_EXERCISE DESCRIPTION_
Go line by line through the entries below and copy those containing the string "shaped".
• • • • • • •
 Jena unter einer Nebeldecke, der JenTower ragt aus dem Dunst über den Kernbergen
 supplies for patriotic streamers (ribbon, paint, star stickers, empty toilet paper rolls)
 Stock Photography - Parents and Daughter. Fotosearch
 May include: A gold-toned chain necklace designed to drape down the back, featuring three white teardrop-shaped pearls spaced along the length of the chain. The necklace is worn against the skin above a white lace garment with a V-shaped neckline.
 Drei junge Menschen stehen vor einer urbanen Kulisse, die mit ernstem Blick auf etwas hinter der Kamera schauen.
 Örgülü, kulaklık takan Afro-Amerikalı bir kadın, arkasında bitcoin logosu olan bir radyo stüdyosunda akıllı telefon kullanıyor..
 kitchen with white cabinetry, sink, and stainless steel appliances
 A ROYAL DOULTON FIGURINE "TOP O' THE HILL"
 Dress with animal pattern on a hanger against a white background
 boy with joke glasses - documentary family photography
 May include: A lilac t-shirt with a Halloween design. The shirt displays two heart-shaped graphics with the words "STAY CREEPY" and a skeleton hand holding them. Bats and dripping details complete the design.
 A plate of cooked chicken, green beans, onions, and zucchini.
• • • • • • •
_RESULT OF THIS EXERCISE_
 May include: A gold-toned chain necklace designed to drape down the back, featuring three white teardrop-shaped pearls spaced along the length of the chain. The necklace is worn against the skin above a white lace garment with a V-shaped neckline.
 May include: A lilac t-shirt with a Halloween design. The shirt displays two heart-shaped graphics with the words "STAY CREEPY" and a skeleton hand holding them. Bats and dripping details complete the design.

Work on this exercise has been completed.